Sucesso, fama e reconhecimento
Pedro J. Bondaczuk
O sucesso, em qualquer empreendimento – e, no nosso caso, no mundo literário, já que literatura é objeto constante e obsessivo das nossas preocupações – é sumamente enganador e não raro até cruel. Não, leitor, não estou fazendo apologia da débâcle e nem defendendo a tese de que o fracasso é melhor. Nem seria burro de fazê-lo.
Mas o êxito acaba sendo um prêmio muito pequeno, diria ínfimo, para compensar o tremendo esforço que temos que fazer para a sua obtenção. É sumamente efêmero e não raro enganador. Se é difícil chegar-se ao topo, muito mais complicado e árduo é manter-se no alto. O sucesso só faz sentido se for contínuo, não episódico. Depois de obtido, temos que ganhar, ganhar e ganhar sempre. Continuar ganhando sem cessar. Caso venhamos a tropeçar, todo o mérito que tivemos para chegar ao alto será esquecido e apenas nossos defeitos serão ressaltados.
O técnico do Internacional de Porto Alegre, Celso Roth, deu uma definição pitoresca, mas verdadeira e inteligente, do seu significado, no programa “Bola da vez”, da emissora de televisão a cabo ESPN Brasil que participou recentemente. Disse que o “sucesso não cumpre as promessas que faz”. E como não cumpre!!! Nesse aspecto, é um tremendo mentiroso. Quem se acomoda após ser bem-sucedido cria todas as condições para cair de ponta-cabeça do topo do Monte Everest ao fundo do abismo de nove quilômetros de fundura, numa das fossas existentes no Oceano Pacífico. É uma queda e tanto!!

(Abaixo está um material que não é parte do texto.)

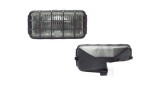 Proiector ceata Mercedes 207-410, 1977-1995, EU, fata, partea stanga=dreapta, dreptunghiular; 180x86x82 mm; 12/24V; H3; geam alb, carcasa neagra;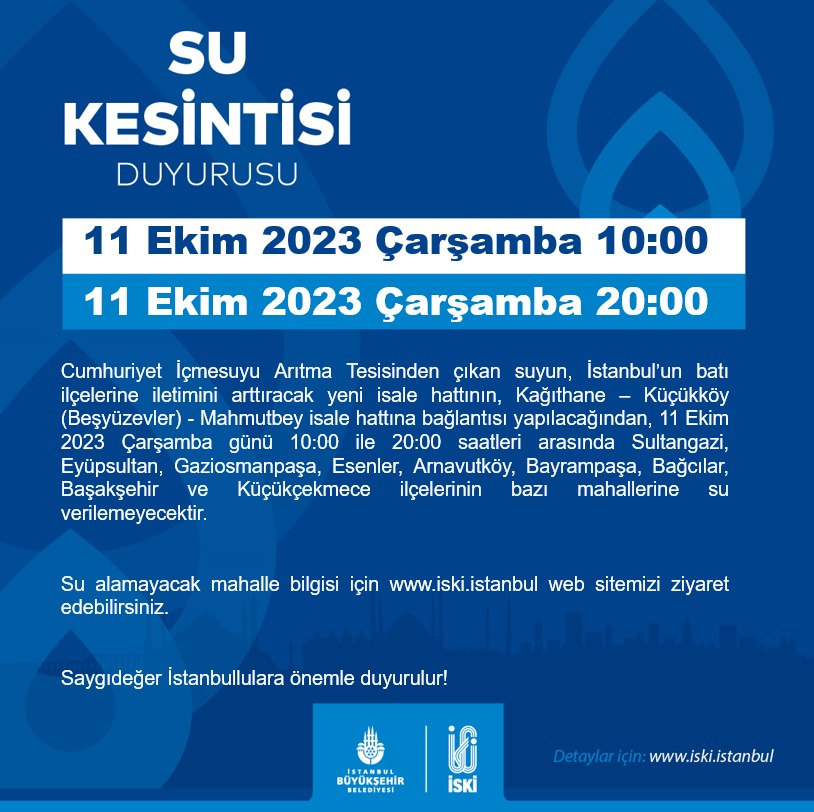 iskignmudurlugu's tweet photo. SU KESİNTİSİ DUYURUSU

🔗Detaylar👉🏻https://t.co/BoDC99TEL7 https://t.co/ov80ErJSrS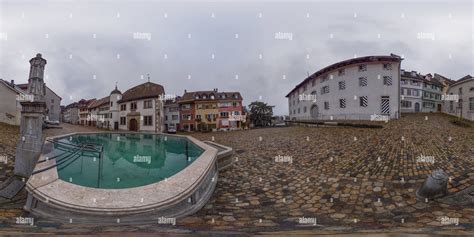 360° view of Historic old Town Brugg - Switzerland - Alamy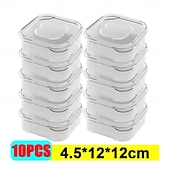 levne Kuchyňská úložiště-Lednička mražené maso box na konzervaci potravin průhledná mrazicí nádoba na maso a zeleninu s víkem chladnička mražené maso přihrádka na maso mrazák box na uchovávání čerstvého jídla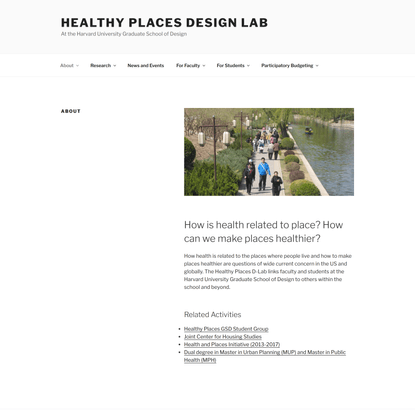 Healthy Places Design Lab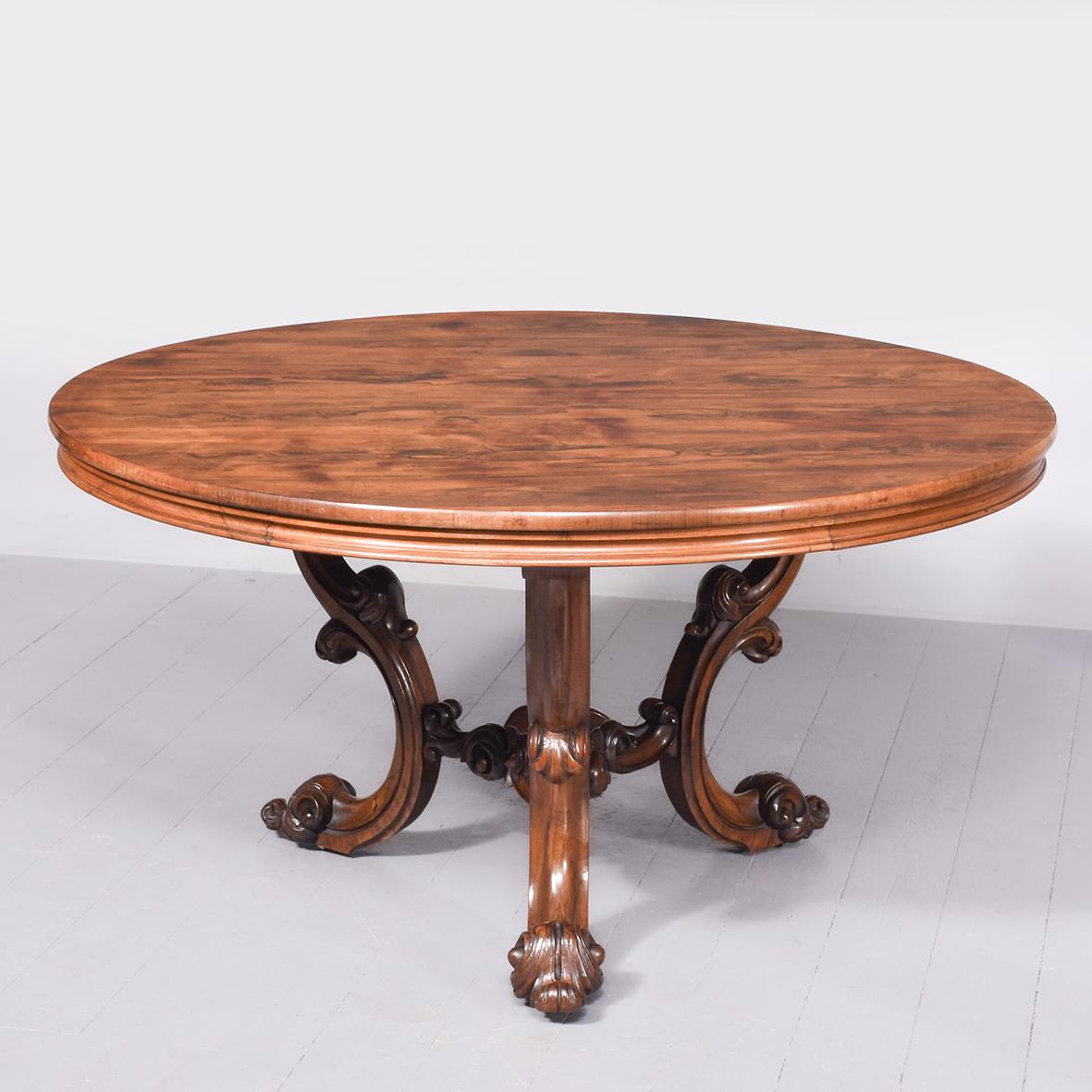 William IV Rosewood Breakfast Table (1 of 7) William IV Rosewood Breakfast Table (1 of 7)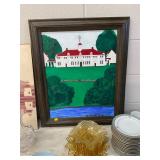 Signed Mount Vernon Oil on Canvas  Painting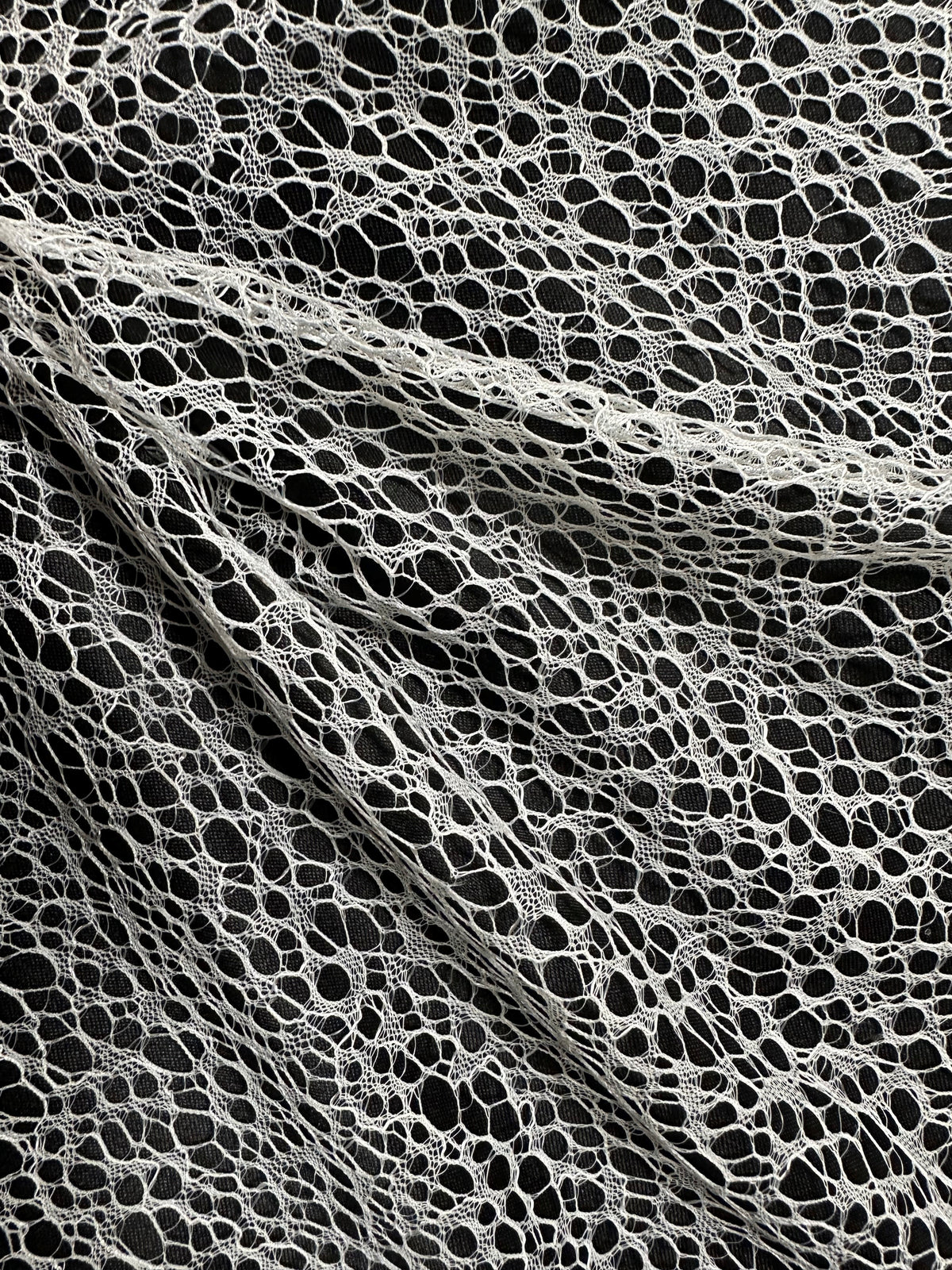 Ivory Raschel Lace  - Bubbles
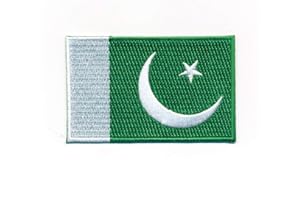 hegibaer 30 x 20 mm Pakistan Flag Islamabad Karachi Flag Sew-On / Iron-On Patch 1095 Mini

Mais enganador ainda do que um ocasional sucesso, aquele sem continuidade, é a fama. Esta é infinitamente mais “mentirosa”. Não me recordo qual o escritor que disse que ela é nada mais do que o produto de uma soma de equívocos. Ademais, pode ser positiva ou negativa. Há muito bandido por aí que é bem mais famoso (e muito mais) do que os gigantes da espécie, os gênios, os sábios e os santos. Na fama, exageram-se, sempre e sempre, tanto as virtudes quanto os defeitos de quem a goza. Além do que, é mais volátil ainda do que o sucesso. Em três tempos, o “famoso” despenca dos píncaros da glória para o pélago do absoluto ostracismo.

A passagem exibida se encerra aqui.